Functionally correct:

class PriceCalculator {
    private List<Item> items;

    double total() {
        double t = 0;
        for (Item i : items) {
            if (subtotal() > 100) t += i.price() * 0.9;
            else t += i.price();
        }
        return t;
    }

    private double subtotal() {
        double s = 0;
        for (Item i : items) s += i.price();
        return s;
    }
}
Cost & Fix `subtotal()` is called once per loop iteration — O(N) calls, each O(N) — total **O(N²)** instead of the original O(N). **Fix:** Compute once outside the loop.
double total() {
    double sub = subtotal();
    boolean discount = sub > 100;
    double t = 0;
    for (Item i : items) t += discount ? i.price() * 0.9 : i.price();
    return t;
}
Replace Temp with Query is great for clarity; it can be a perf nightmare in inner loops.

Optimize 2 — Extract Method that breaks JIT inlining (Java)

double sum(double[] xs) {
    double s = 0;
    for (double x : xs) s += transform(x);
    return s;
}

private double transform(double x) {
    return Math.sqrt(x) + Math.log(x + 1) + Math.exp(-x) + Math.sin(x);
}

This was originally:

double sum(double[] xs) {
    double s = 0;
    for (double x : xs) s += Math.sqrt(x) + Math.log(x + 1) + Math.exp(-x) + Math.sin(x);
    return s;
}
Cost & Fix Extracting `transform` is good for clarity. In hot benchmarks, `transform`'s ~50 bytes is well under HotSpot's inline threshold, so it's inlined. **Usually no perf cost.** But: if `transform` grows over time to >325 bytes (FreqInlineSize), inlining stops, and the loop suddenly becomes 5–10× slower. **Fix (preventive):** keep `transform` small. If it must grow, accept that the hot path won't inline it; consider: - Specializing the helper for the inner loop (`sumWithTransform`). - Using `@HotSpotIntrinsicCandidate` patterns. - Verifying with `-XX:+PrintInlining`. **Verify, don't guess:**
java -XX:+UnlockDiagnosticVMOptions -XX:+PrintInlining ...
Look for `transform inline (hot)` in the output. If you see `transform too big`, the refactor crossed a threshold.

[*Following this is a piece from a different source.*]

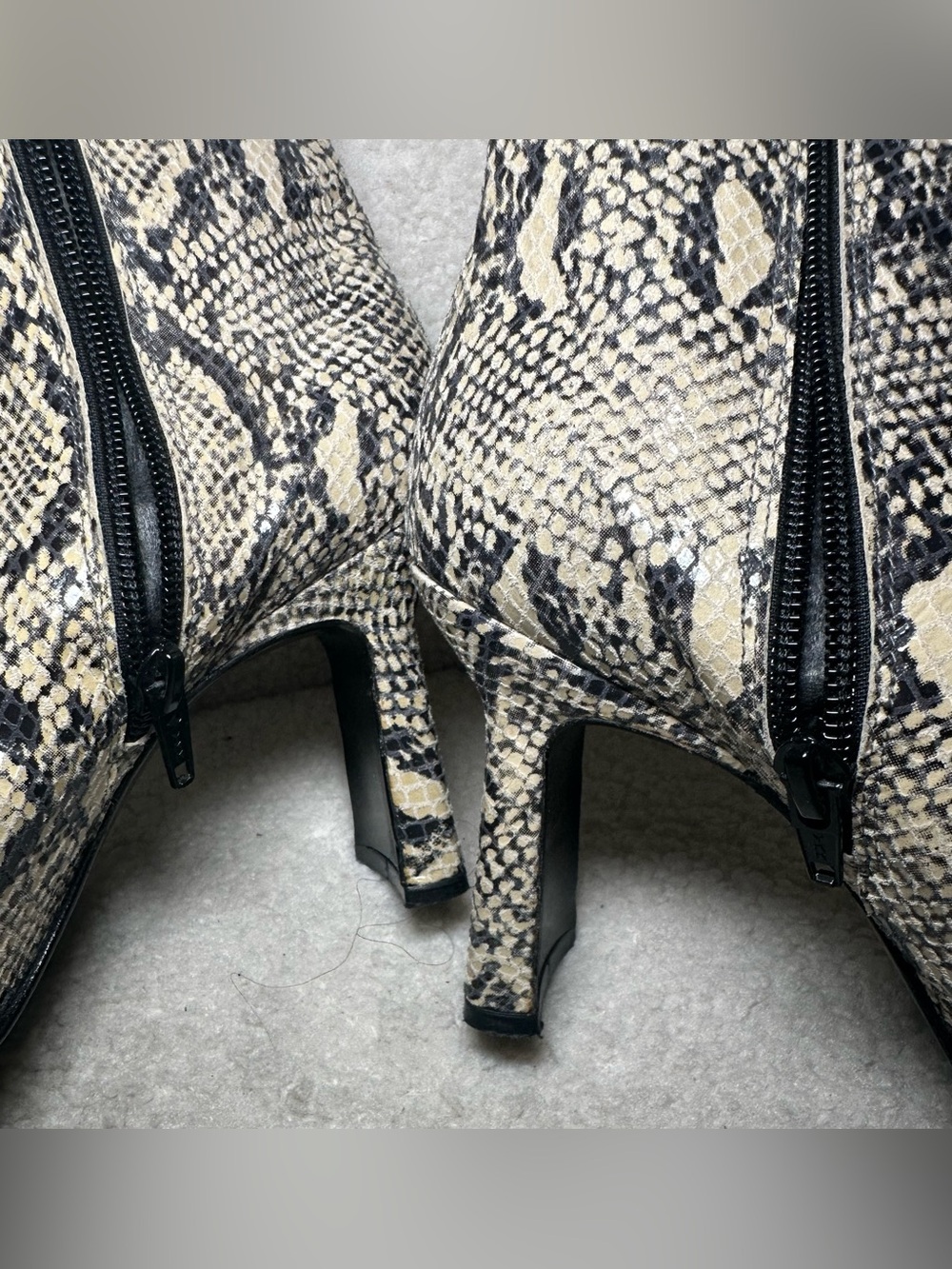 Snakeskin Print Ankle Boots Square Toe Heels Bohemian Festival Indie Bratz Club - Picture 9 of 15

Optimize 3 — Method Object that escapes (Java)

class Account {
    int gamma(int iv, int q, int ytd) {
        Gamma g = new Gamma(iv, q, ytd);
        cache.put(iv, g);   // ❌ stores reference
        return g.compute();
    }
}
Cost & Fix By storing `g` in the cache, the JIT can no longer prove `g` doesn't escape the method. **Escape analysis fails**, scalar replacement doesn't apply, every `gamma` call allocates a heap object. **Fix:** Don't cache the Method Object. Cache the *result*.
class Account {
    int gamma(int iv, int q, int ytd) {
        Integer cached = cache.get(iv);
        if (cached != null) return cached;
        int result = new Gamma(iv, q, ytd).compute();
        cache.put(iv, result);
        return result;
    }
}
Now `Gamma` doesn't escape — it's stack-allocatable.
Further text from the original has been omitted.